[Records from a dataset]
Content starts

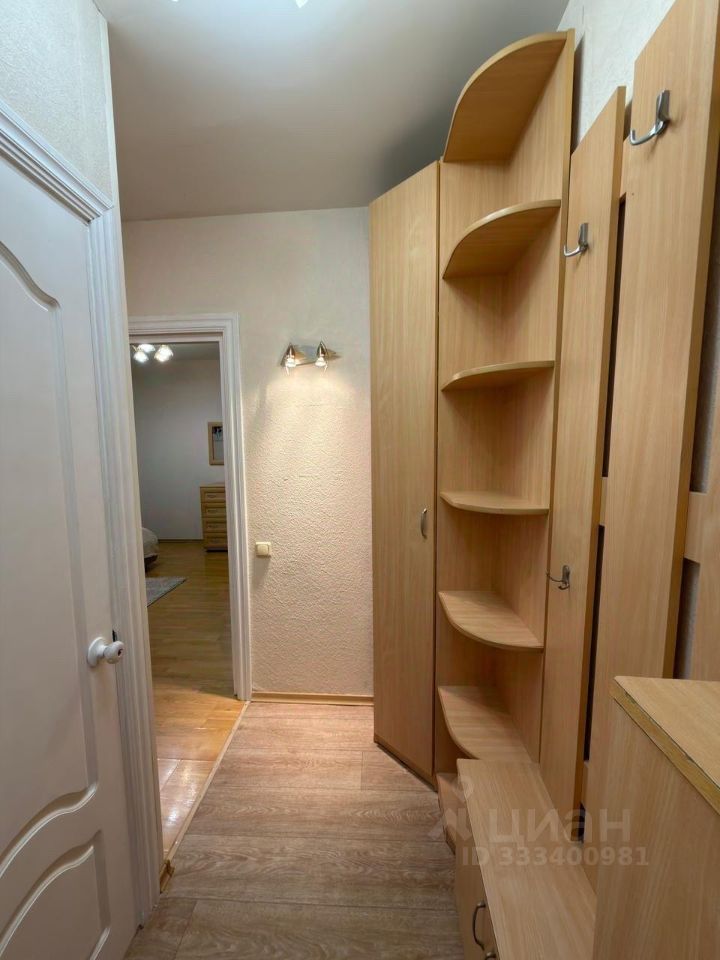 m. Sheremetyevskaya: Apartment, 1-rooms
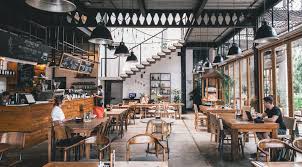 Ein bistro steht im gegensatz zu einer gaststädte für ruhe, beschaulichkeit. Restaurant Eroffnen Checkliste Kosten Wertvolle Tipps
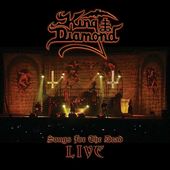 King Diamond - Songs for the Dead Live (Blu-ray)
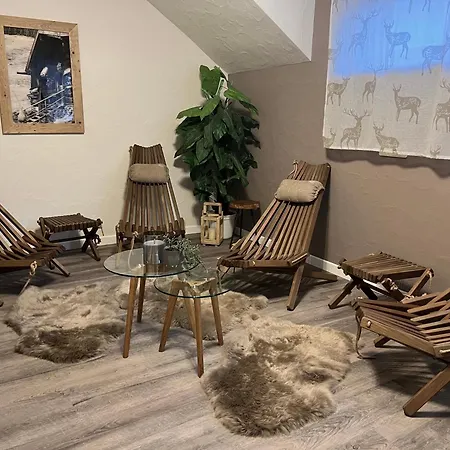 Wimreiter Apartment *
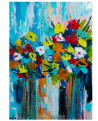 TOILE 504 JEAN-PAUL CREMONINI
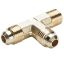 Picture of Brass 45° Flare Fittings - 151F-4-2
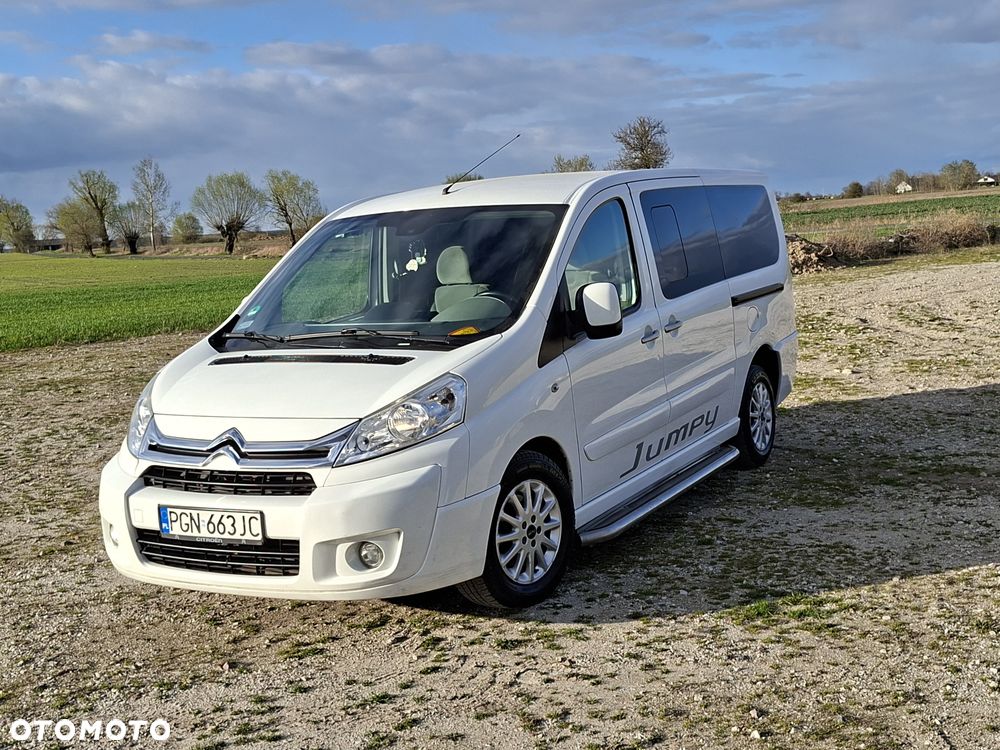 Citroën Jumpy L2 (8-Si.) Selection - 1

Content ends

THE TASK:
Where a picture appears, omit it; otherwise reproduce each line above from the first to the one with "Picture of Brass", inclusive.

SOLUTION TO THIS EXERCISE:
 m. Sheremetyevskaya: Apartment, 1-rooms
 Ein bistro steht im gegensatz zu einer gaststädte für ruhe, beschaulichkeit. Restaurant Eroffnen Checkliste Kosten Wertvolle Tipps
 King Diamond - Songs for the Dead Live (Blu-ray)
 Wimreiter Apartment *
 TOILE 504 JEAN-PAUL CREMONINI
 Picture of Brass 45° Flare Fittings - 151F-4-2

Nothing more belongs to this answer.